Shell has signalled the breakneck growth that racked up record profits for the oil company earlier this year will slow as weaker gas trading and lower refining margins hit recent profits.
The oil company was criticised for making huge profits during the cost of living crisis as Russia’s invasion of Ukraine pushed up prices of oil and gas. But Europe’s largest oil and gas firm said on Thursday that margins in its refining business had nearly halved, hitting its third-quarter profits which are due to be announced later this month.
Oil prices have fallen back from about $120 a barrel in June to about $90 as concerns of a recession in Europe and rampant global inflation weighed on commodity prices. The Opec cartel of oil-producing nations and its allies on Wednesday agreed to cut oil production by 2m barrels a day to increase prices, angering the White House.

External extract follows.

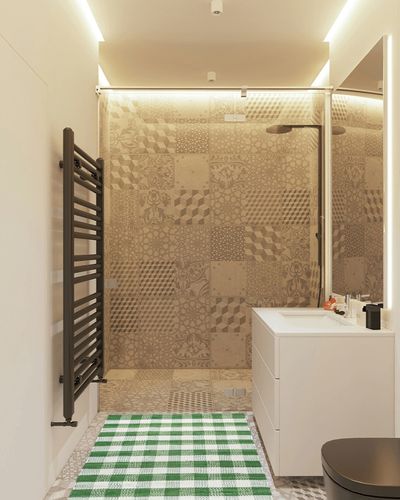 GLAMBURG Cotton Reversible Area Rug 3' x 5' Farmhouse Floor Mat, Handwoven Washable Carpet Checkered Plaid Rug for Front Porch Living Room Kitchen Bedroom - Green White in White Tiled Bathroom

Shell said its refining margins in the three months to the end of September were about $15 a barrel, against $28 a barrel in the previous quarter. The company expects this to have a “negative impact of between $1bn and $1.4bn” on its third-quarter underlying profits.
Refining margins have been under scrutiny since the summer when the then former business secretary Kwasi Kwarteng ordered the Competition and Markets Authority to study the fuel retailing market. The CMA raised concerns over the size of the margins being taken by refineries.
Shell also said its chemicals business had been hit by a drop in the global demand for plastic, from $86 per tonne in the previous quarter to minus $27 per tonne over the last 12 weeks.